WHAT TO DO -
In the records below, find the line that contains "Audi A7L id 4277377 из Китая 17" and the line that contains "Washington (United States), 07/04/2025.- US". Set down exactly those lines and every line between them, and nothing more.

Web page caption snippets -

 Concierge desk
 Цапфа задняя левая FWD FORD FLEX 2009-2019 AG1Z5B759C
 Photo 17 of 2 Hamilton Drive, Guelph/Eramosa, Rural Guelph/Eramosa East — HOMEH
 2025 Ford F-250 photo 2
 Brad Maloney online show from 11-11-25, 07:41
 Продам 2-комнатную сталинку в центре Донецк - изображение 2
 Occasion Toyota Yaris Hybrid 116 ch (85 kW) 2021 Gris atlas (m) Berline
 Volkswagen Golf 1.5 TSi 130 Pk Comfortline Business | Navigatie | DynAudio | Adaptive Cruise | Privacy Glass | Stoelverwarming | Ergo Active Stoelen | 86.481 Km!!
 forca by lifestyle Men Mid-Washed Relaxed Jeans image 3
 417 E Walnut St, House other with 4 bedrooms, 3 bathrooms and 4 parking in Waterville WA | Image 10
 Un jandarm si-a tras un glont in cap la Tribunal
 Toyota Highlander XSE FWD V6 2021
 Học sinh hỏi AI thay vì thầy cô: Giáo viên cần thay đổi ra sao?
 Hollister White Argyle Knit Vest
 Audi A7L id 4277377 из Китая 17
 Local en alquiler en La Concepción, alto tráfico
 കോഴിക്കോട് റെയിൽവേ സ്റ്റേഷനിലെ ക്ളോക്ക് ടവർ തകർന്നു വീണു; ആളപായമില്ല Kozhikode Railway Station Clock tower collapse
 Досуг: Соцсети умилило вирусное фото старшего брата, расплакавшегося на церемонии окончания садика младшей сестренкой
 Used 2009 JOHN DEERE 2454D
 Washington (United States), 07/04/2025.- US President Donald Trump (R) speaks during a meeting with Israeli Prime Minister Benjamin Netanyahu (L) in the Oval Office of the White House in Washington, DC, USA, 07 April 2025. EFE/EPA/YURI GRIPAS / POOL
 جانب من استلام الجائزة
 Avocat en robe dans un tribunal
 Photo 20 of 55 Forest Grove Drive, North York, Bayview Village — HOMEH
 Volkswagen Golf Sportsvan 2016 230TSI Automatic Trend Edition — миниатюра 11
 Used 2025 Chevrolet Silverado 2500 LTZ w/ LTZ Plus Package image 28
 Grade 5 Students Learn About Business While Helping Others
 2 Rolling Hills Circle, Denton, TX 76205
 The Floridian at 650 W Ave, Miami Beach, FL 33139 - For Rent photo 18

OUTPUT FOR THIS EXERCISE -
 Audi A7L id 4277377 из Китая 17
 Local en alquiler en La Concepción, alto tráfico
 കോഴിക്കോട് റെയിൽവേ സ്റ്റേഷനിലെ ക്ളോക്ക് ടവർ തകർന്നു വീണു; ആളപായമില്ല Kozhikode Railway Station Clock tower collapse
 Досуг: Соцсети умилило вирусное фото старшего брата, расплакавшегося на церемонии окончания садика младшей сестренкой
 Used 2009 JOHN DEERE 2454D
 Washington (United States), 07/04/2025.- US President Donald Trump (R) speaks during a meeting with Israeli Prime Minister Benjamin Netanyahu (L) in the Oval Office of the White House in Washington, DC, USA, 07 April 2025. EFE/EPA/YURI GRIPAS / POOL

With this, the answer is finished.